### RECORDS PROVIDED
BEGIN

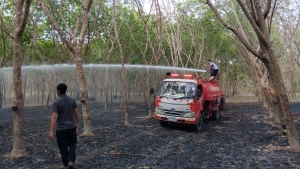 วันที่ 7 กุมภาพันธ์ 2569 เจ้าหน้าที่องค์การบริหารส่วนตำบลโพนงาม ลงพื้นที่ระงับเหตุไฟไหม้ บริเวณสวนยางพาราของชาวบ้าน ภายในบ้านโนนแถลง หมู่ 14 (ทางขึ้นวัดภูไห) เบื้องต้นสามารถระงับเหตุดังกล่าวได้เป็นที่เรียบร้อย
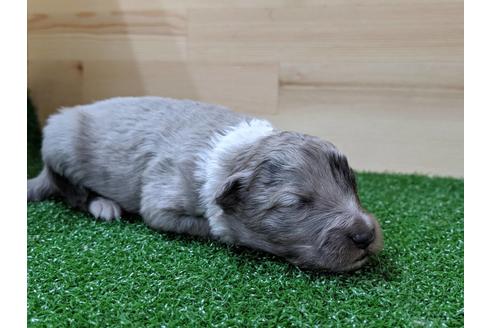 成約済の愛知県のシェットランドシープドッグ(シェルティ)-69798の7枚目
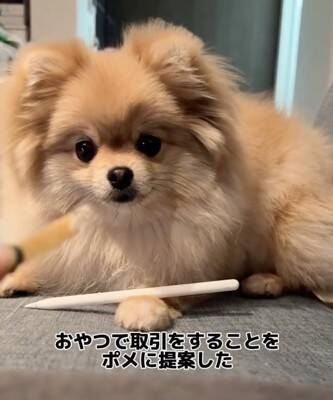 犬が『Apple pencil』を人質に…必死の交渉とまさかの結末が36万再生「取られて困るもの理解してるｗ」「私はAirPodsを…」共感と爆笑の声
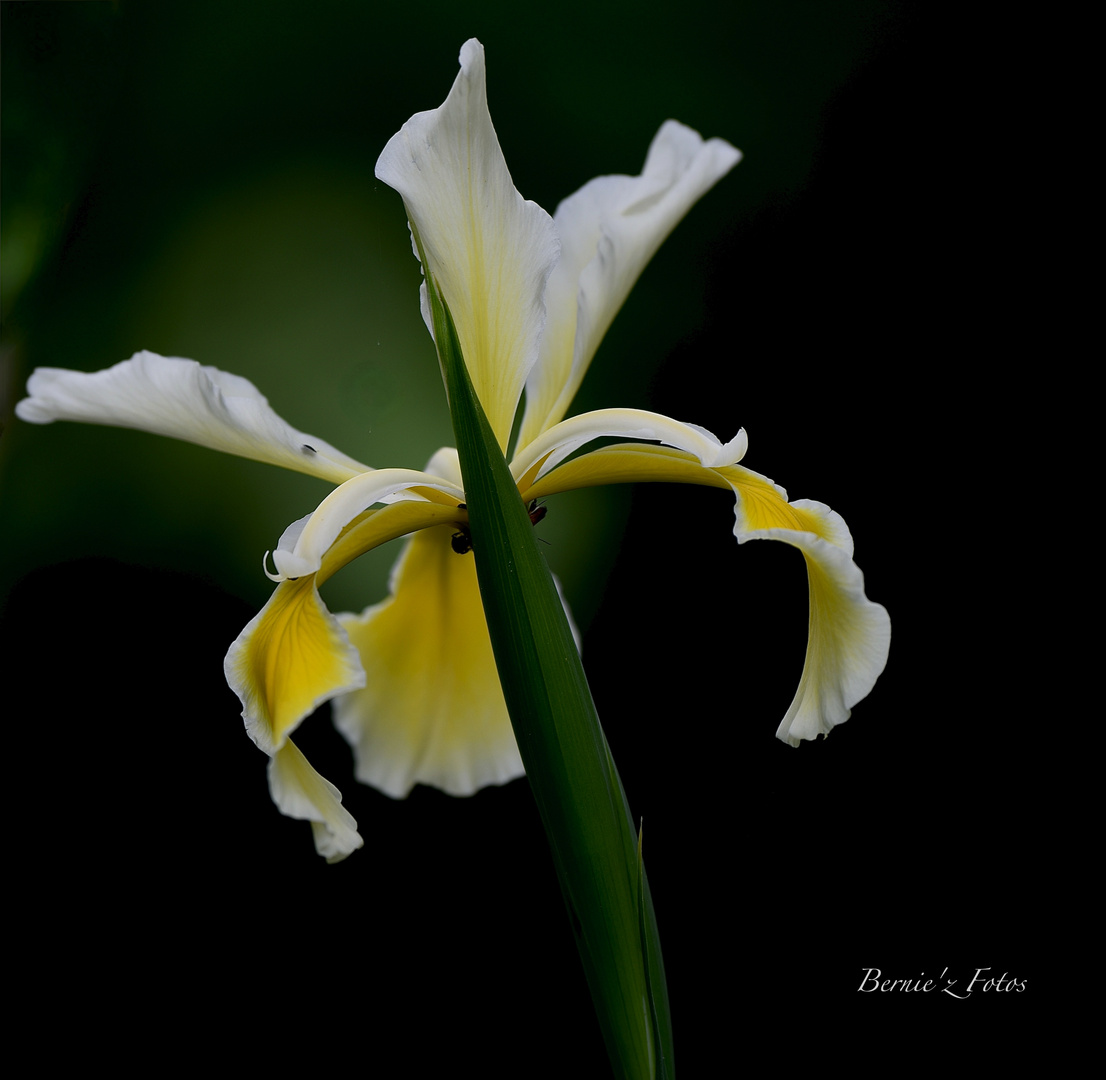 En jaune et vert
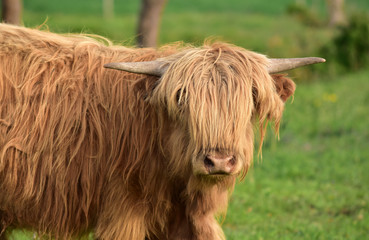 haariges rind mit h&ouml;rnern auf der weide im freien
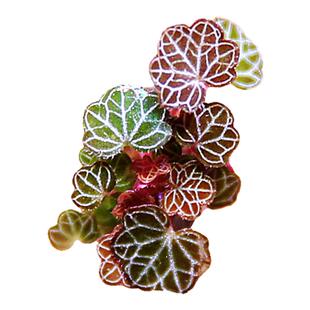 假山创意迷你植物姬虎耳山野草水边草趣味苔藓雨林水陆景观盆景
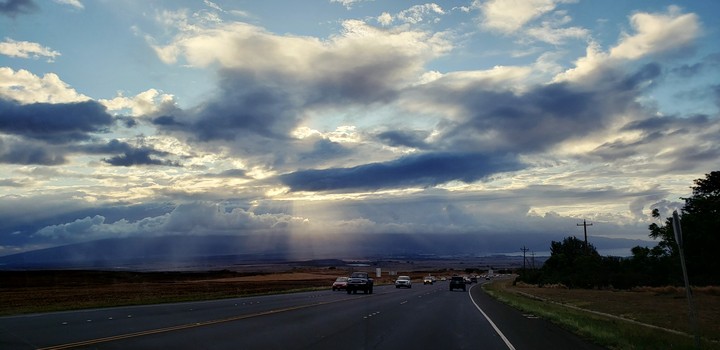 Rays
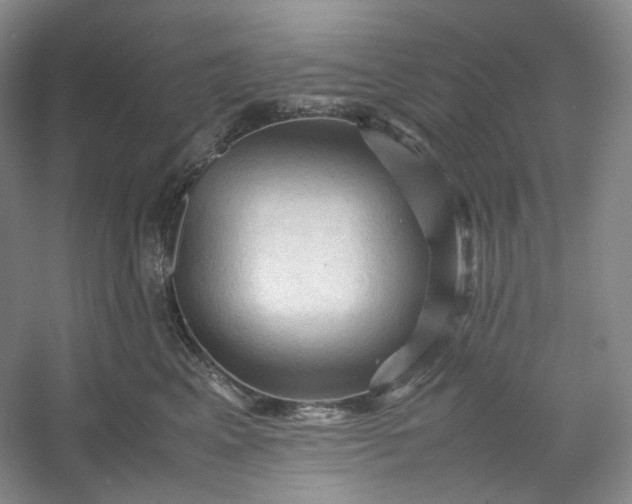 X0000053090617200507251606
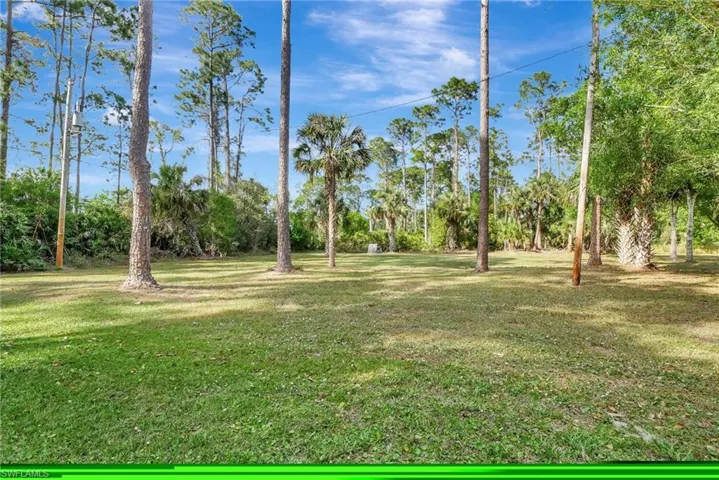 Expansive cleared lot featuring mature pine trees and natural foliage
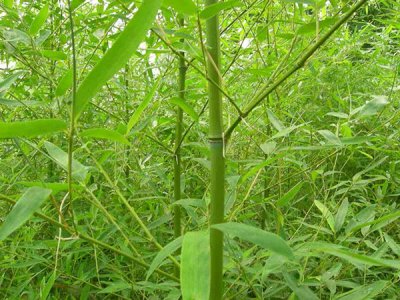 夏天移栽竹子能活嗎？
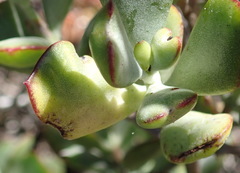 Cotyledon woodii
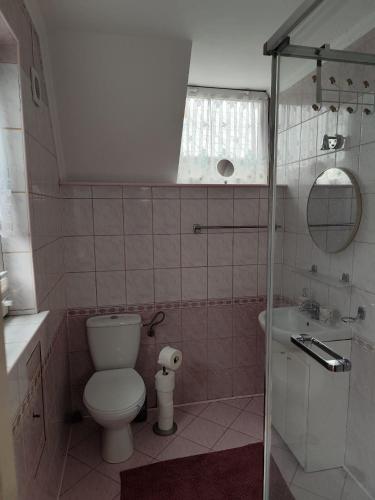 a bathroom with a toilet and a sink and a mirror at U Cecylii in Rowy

END

### TASK DIRECTIONS
Needed here is only the span from the line with "成約済の愛知県のシェットランドシープドッグ(シェルティ)-69798の7枚目" through the last line of the entries, copied exactly with both ends and without pictures.

### ANSWER TO THE PROBLEM
 成約済の愛知県のシェットランドシープドッグ(シェルティ)-69798の7枚目
 犬が『Apple pencil』を人質に…必死の交渉とまさかの結末が36万再生「取られて困るもの理解してるｗ」「私はAirPodsを…」共感と爆笑の声
 En jaune et vert
 haariges rind mit h&ouml;rnern auf der weide im freien
 假山创意迷你植物姬虎耳山野草水边草趣味苔藓雨林水陆景观盆景
 Rays
 X0000053090617200507251606
 Expansive cleared lot featuring mature pine trees and natural foliage
 夏天移栽竹子能活嗎？
 Cotyledon woodii
 a bathroom with a toilet and a sink and a mirror at U Cecylii in Rowy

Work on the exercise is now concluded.